On the other hand linguistics indicate a hard g sound with the construction of the word, constituent words aside. Plenty of four letter words starting with the gi combo have a hard g, including but not limited to gift which you may notice is very similarly constructed.
Whatever else the English language may throw at us, people appreciate consistency because we can make some sense of the world. A hard g is the consistent, predictable, sensible choice for the limited availability of those virtues English offers.
There exists other words that start with gi but use the soft g, gin for example. But regardless, the pronunciation of one word is not determined by the pronunciation of other unrelated words.
In English? Yes. In other, more structured and sane languages? No.
I'm gonna stop you there, because I've been using the format for about 30 years, and people only started using the new pronunciation in the last 10-15.
Everything you said about linguistics is entirely crap. English is not a proscriptive language. English linguistics doesn't indicate anything at all. It is descriptive, and is anything but consistent. There are no rules about word construction or pronunciation.

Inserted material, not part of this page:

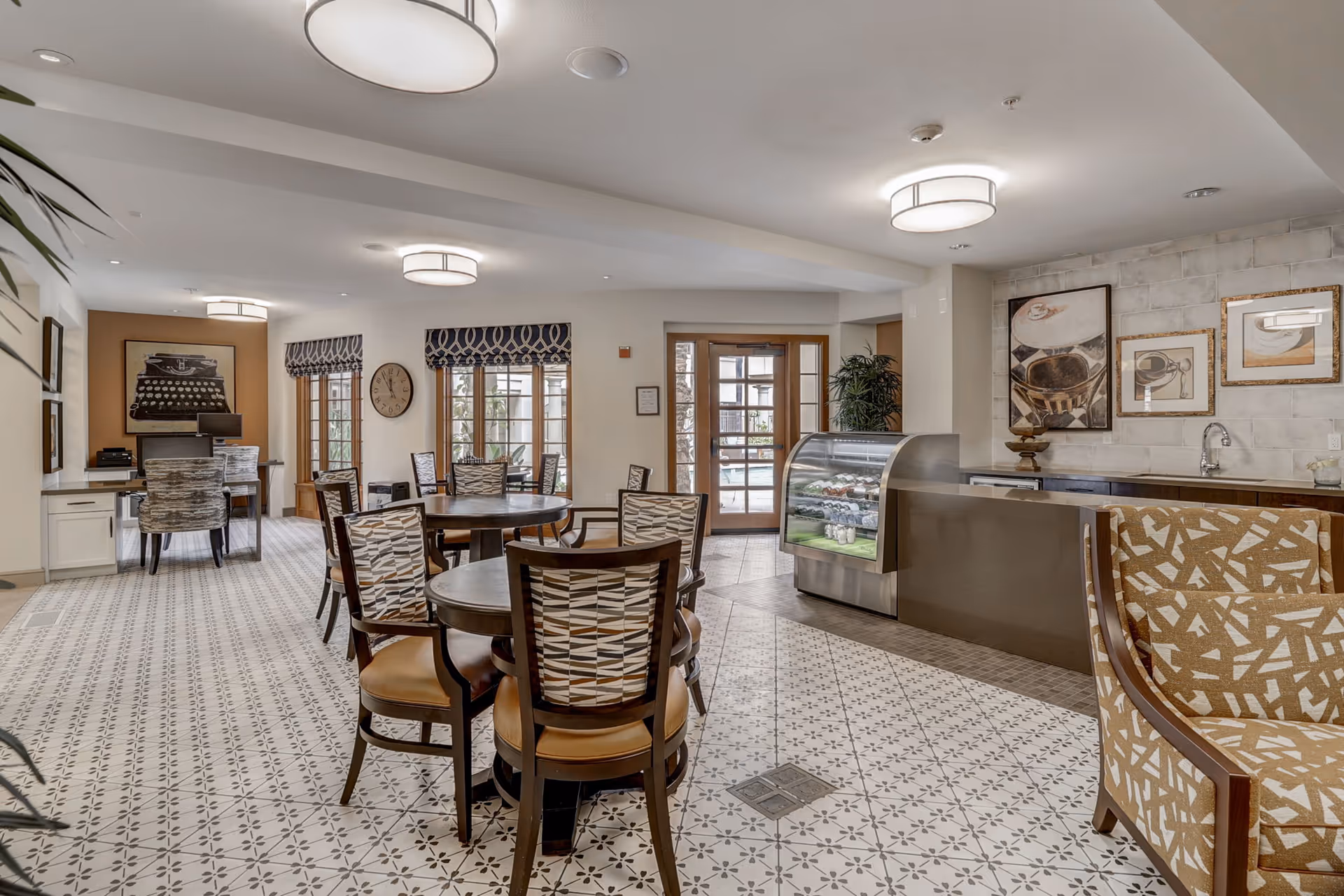 A bright and spacious common area in a senior living facility featuring round tables with patterned chairs, a small counter with a glass display case containing food items, framed artwork on the walls, large windows with patterned valances, and a desk with a computer in the background.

Words are pronounced the way they are understood, and if you are understood then you have pronounced them correctly.
You could argue that the original pronunciation is archaic, like "encyclopaedia," but the problem there is that the word itself is like 35 years old, and there are people like me who have been using the word since there was only one acceptable pronunciation who aren't likely to change.
I've been using the word since the mid 90s and it's always been hard G for me.
I don't say that to suggest that you or anyone else are wrong to say it with a soft G (although my brain cringes each time I hear it), but since I don't think I invented the hard G pronunciation I think claiming it's a recent thing is a fallacious argument against the hard G.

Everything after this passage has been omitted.